Though the downtown population has been growing, Baltimore Mayor Stephanie Rawlings-Blake wants to attract 10,000 more families to the city during the next 10 years and sees the partnership's website as a useful tool in working toward that goal.
"The Downtown Partnership, I think, has been one of the most impactful partners in my goal of growing the city," she said.
With nearly 41,000 people residing within a mile of Pratt and Light streets, there are more residents living downtown now than there have been for years, the partnership said. A 2003 partnership study found that 6,000 people lived downtown, but did not include such large neighborhoods as Federal Hill and Fells Point.
On the partnership's website, users can find a map that offers specific information about downtown neighborhoods and can search for available residences. Across downtown, developers are converting older buildings into apartments amid growing demand for urban living.
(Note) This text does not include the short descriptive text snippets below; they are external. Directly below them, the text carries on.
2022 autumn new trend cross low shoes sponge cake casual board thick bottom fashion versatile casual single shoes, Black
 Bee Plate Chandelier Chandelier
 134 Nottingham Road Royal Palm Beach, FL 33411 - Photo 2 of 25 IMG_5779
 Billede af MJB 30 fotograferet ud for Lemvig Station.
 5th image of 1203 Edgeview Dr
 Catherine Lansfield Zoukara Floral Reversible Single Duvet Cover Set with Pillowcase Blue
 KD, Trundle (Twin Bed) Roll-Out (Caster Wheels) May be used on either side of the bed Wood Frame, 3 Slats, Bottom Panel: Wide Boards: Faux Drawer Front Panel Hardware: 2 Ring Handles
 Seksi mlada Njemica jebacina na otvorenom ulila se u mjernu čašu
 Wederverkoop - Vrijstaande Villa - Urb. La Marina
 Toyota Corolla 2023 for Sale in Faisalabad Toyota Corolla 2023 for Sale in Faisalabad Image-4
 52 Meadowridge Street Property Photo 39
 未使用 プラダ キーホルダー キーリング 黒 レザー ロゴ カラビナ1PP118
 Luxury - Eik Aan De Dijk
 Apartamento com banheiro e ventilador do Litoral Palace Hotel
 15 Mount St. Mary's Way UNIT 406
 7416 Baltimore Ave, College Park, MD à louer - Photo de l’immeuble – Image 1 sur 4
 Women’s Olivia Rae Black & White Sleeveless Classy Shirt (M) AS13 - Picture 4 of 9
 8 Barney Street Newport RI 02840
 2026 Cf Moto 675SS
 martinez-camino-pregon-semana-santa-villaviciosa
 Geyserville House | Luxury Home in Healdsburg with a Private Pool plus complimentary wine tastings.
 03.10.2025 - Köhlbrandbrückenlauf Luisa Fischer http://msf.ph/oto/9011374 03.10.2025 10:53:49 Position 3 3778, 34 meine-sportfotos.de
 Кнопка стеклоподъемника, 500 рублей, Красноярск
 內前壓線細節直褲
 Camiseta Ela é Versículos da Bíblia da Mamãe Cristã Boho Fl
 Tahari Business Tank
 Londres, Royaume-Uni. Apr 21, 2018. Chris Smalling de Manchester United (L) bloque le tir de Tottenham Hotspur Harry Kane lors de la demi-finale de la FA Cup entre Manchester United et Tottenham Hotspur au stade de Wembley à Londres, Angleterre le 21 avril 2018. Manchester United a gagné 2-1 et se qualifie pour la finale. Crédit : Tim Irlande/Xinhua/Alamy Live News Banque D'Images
More than 4,100 units are in development. In 2012, a study by the partnership found that growing demand meant the city could absorb 5,800 new apartment units by 2017, Evitts said.
At 520 Park Ave. in Mount Vernon, The Time Group is turning a 1941-era warehouse and distribution center used by department store Hochschild, Kohn and Co. into 171 apartments.
The market-rate apartments are set to open in late June and are leasing quickly, said Dominic Wiker, Time Group's development director, because "people are looking for a new product. They like the fact that it's a historical building with modern amenities."
In addition, residents and visitors to Baltimore can search the website to find attractions and events. A mobile version will be launched soon so people can "plan their day as their day evolves," Evitts said.
The website, designed by the Ainsley and Co. advertising agency, has what CEO Tom Ainsley describes as a "clean" look and is meant to attract people who live or work in Baltimore, visitors, businesses and longtime residents who want to see what's new downtown.
Now that the site has been launched, Ainsley said, the biggest goal is for people to come back to the site after their first visit.
"If they're looking for information, this is a place to start," he said. "It's the authority on what's happening specifically in downtown Baltimore."
•The Downtown Partnership considers downtown to be a one-mile radius, with the epicenter at Pratt and Light streets.
•Baltimore is eighth in the country in terms of downtown population (almost 41,000 residents); in 2003, there were 6,000 people living in the downtown.
•Previously, downtown did not include some areas such as Fells Point and Federal Hill.